By: Christopher Lewis
EUR/JPY has had a strong run as of late, rising from the 100 level to the 102 area. The pair is highly sensitive to risk appetite, and will often move in tandem with global stock markets such as the S&P500, Nikkei, and DAX. The relative safety of Japan is left for investments in Europe as the larger funds borrow in Yen at almost no interest and buy bonds in Berlin, Brussels, and other EU markets as an example. Because of this, the flow of currency will often show this in the form of the EUR/JPY pair.
The recent drama in the European Union has certainly played a massive part in most Euro crosses, but this one has another factor: The Bank of Japan. The Japanese central bank has acknowledged “silent intervention” in the currency markets, and the most obvious spot would probably be in the USD/JPY pair at the 76.50 level. However, the last time the BoJ intervened; it also bought Euro to go along with those Dollars. With this in mind, the pair would have a second reason to rise irrespective of the rumored agreement between Athens and the Troika on Tuesday.
The Importance of 102
The 102 level is just below the 38.2% Fibonacci retracement from the most recent fall in this pair. The 100 level just below is massive support as you can see from the bounce that came just a couple of sessions ago. The pair looks strong, but the rumors of the deal being reached could reverse quickly, and this pair would more than likely get hit hard.
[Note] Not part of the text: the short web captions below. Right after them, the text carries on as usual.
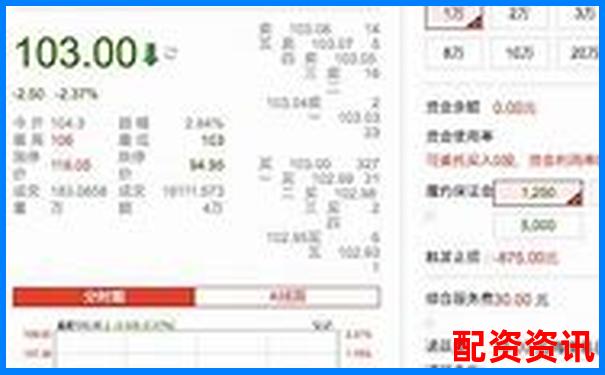 配资炒股平台与券商平台有何区别？操作体验对比-炒股配资平台网址有哪些软件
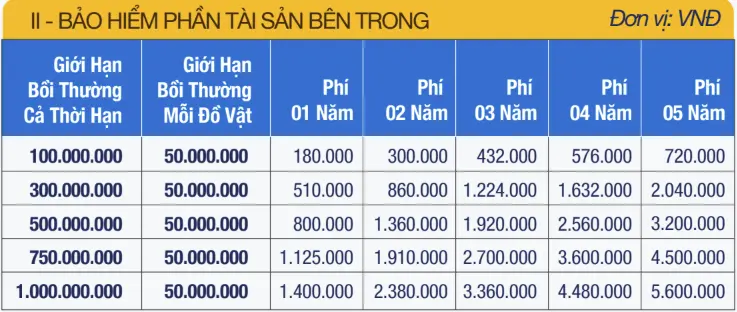 phi-bao-hiem-nha-tu-nhan-2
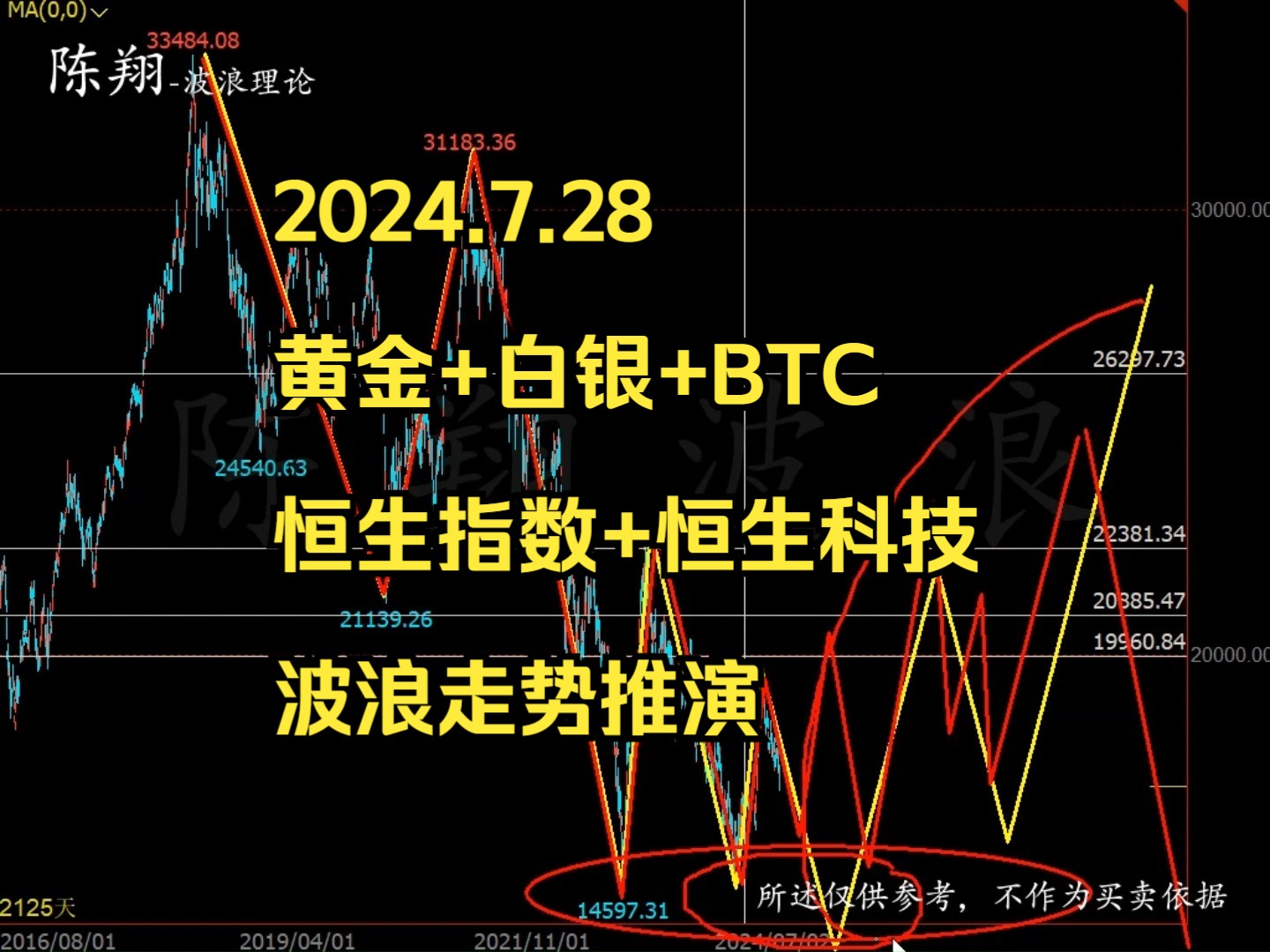 2024.7.28黄金+白银+BTC+恒生指数+恒生科技波浪走势推演陈翔波浪理论哔哩哔哩bilibili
The breaking above the 102 level could see a move up to the 105 level though, and as such I am watching 102 with extreme interest.
The trade is simple for me: If we can close above the 102 level on a 4 hour chart, I am willing to have a go with a long position in this pair. The failure at the level on the 4 hour chart, or any signs of concern in the markets bout the agreement, and I am willing to short this pair and aim for 100 or so.